Speech accents
Summary
Accent system is used to modify speech before it is sent to chat to simulate speech defects or status effects. Text replacement rules are defined using special format.
Motivation
While it is possible to type any accent manually, it is handy to have some automatic system. Additionally accents can act as limitations like vision, hearing and other impairments.
Custom format should simplify accent creation by focusing on rules.
The result of this should at least have feature parity with Unitystation accents, otherwise it is not worth the effort.
Guide-level explanation
Accents modify player speech in chat. Multiple accents can be applied on top of each other, making message much less comprehensible.
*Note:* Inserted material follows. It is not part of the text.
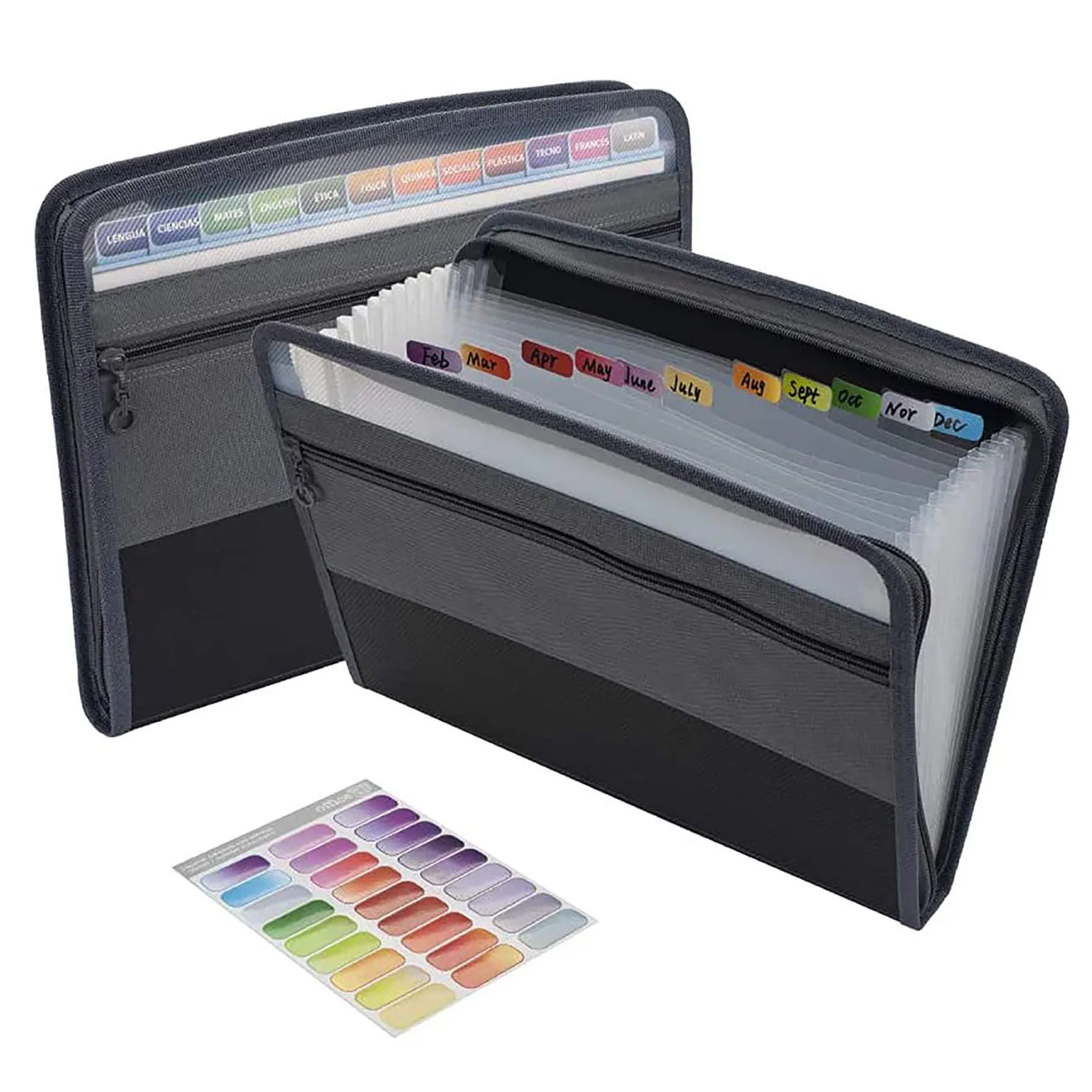 A4ขยายแฟ้มโฟลเดอร์ Sticky Labels,13กระเป๋า Accordion เอกสาร Organizer ขยายแฟ้มโฟลเดอร์ที่มีซิปปิด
Accents can be acquired in multiple ways: selected accent(s) during character creation, wearing items items (clown mask), status effects (alcohol consumption, low health) and maybe others.
Replacements are found in multiple passes. Each pass inside accent
has a name and consists of multiple rules which are combined into a
single regex. A rule says what to replace with what tag. Simplest
example of rule is: replace hello with Literal("bonjour").
Literal is one of the tags, it replaces original with given string.
Note that hello is actually a regex pattern, more complex things can
be matched.
Some of the tags are:
- Original: does not replace (leaves original match as is)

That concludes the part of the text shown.